▶ [EXERCISE DATA]:
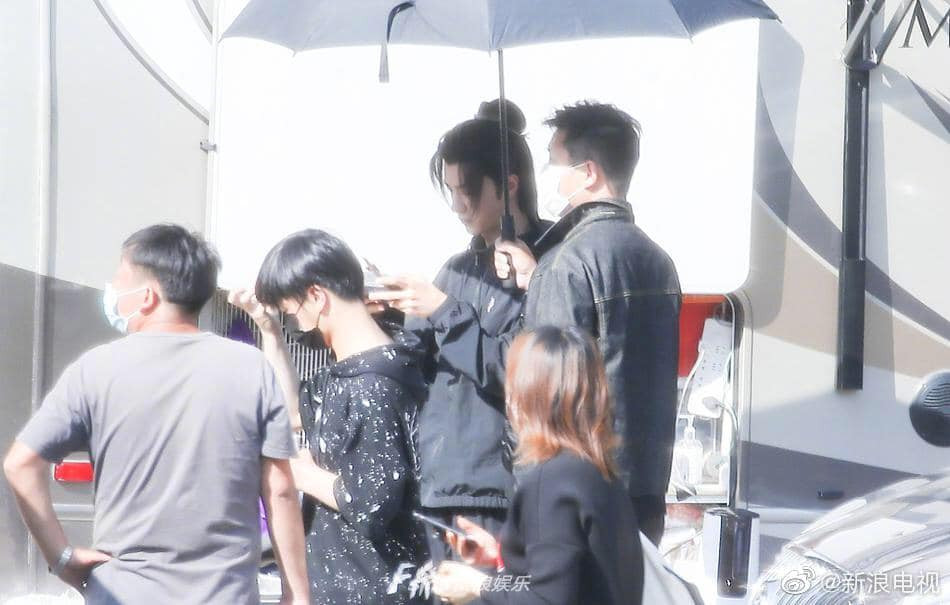 Cười sái quai hàm với hậu trường “Hữu Phỉ“: Vương Nhất Bác lái flycam “tóm” cánh săn ảnh ảnh 1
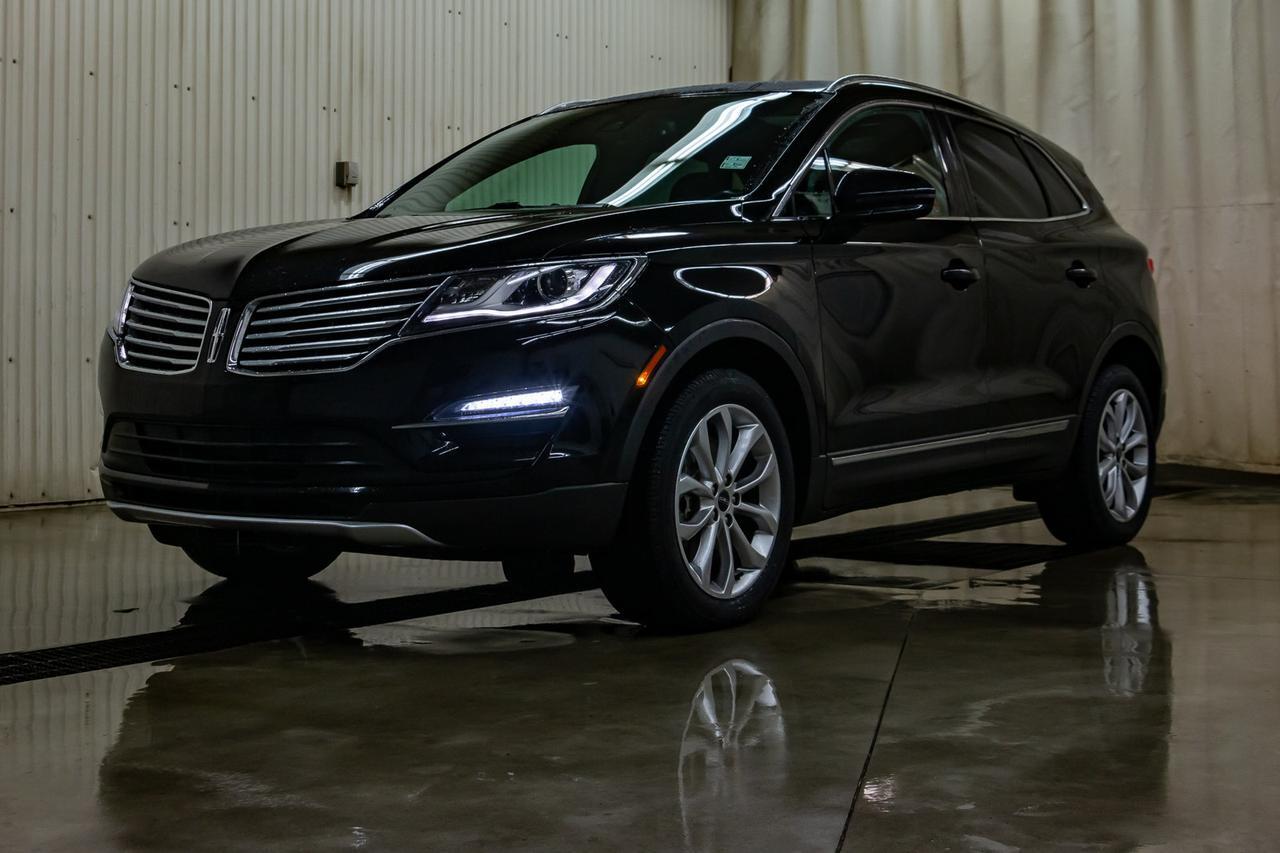 2017 Lincoln MKC AWD Select Leather Roof Nav BCam Red Deer AB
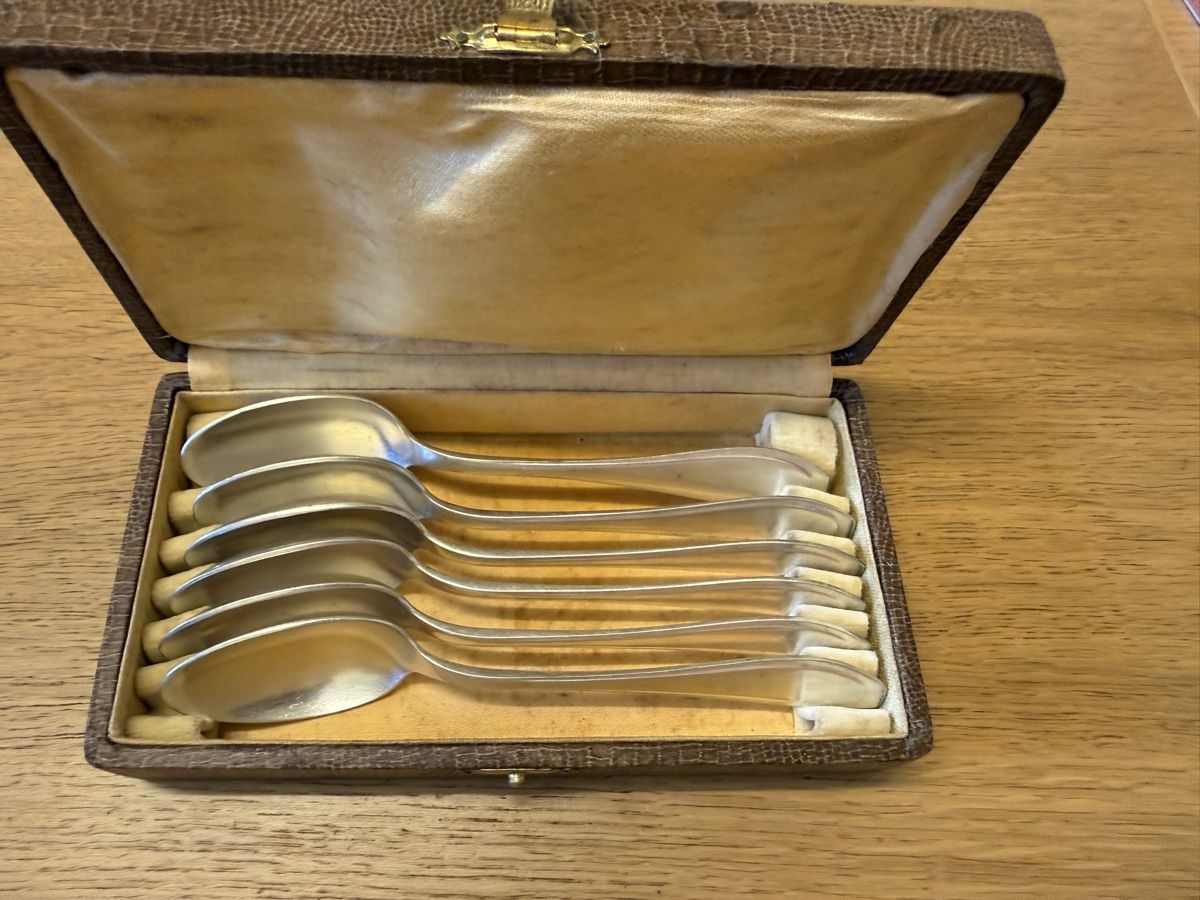 Cucchiai: Antikes 6er Set Dessertlöffel / Kaffeelöffel – Usato da Basel venduto da mar_tsl9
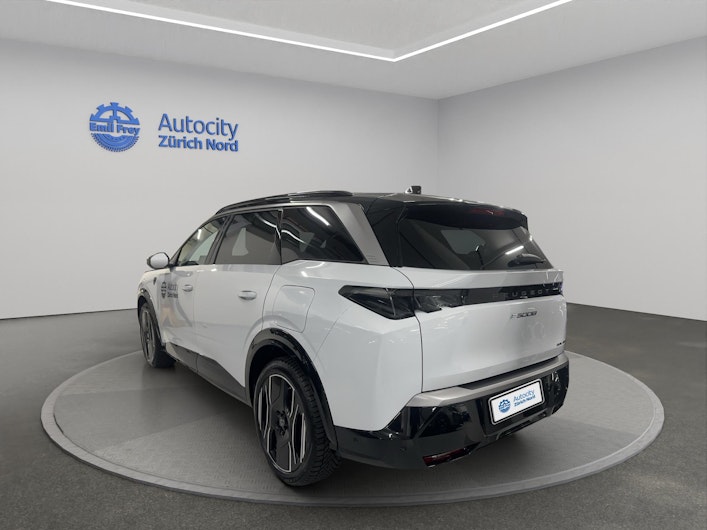 Vehicle image PEUGEOT 5008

▶ [DESCRIPTION OF THE TASK]: Leave the pictures out. Output exactly, and only, the lines from the one with "2017 Lincoln MKC" through the last line of the listing above, both included.

▶ [REPLY TO THE TASK]:
 2017 Lincoln MKC AWD Select Leather Roof Nav BCam Red Deer AB
 Cucchiai: Antikes 6er Set Dessertlöffel / Kaffeelöffel – Usato da Basel venduto da mar_tsl9
 Vehicle image PEUGEOT 5008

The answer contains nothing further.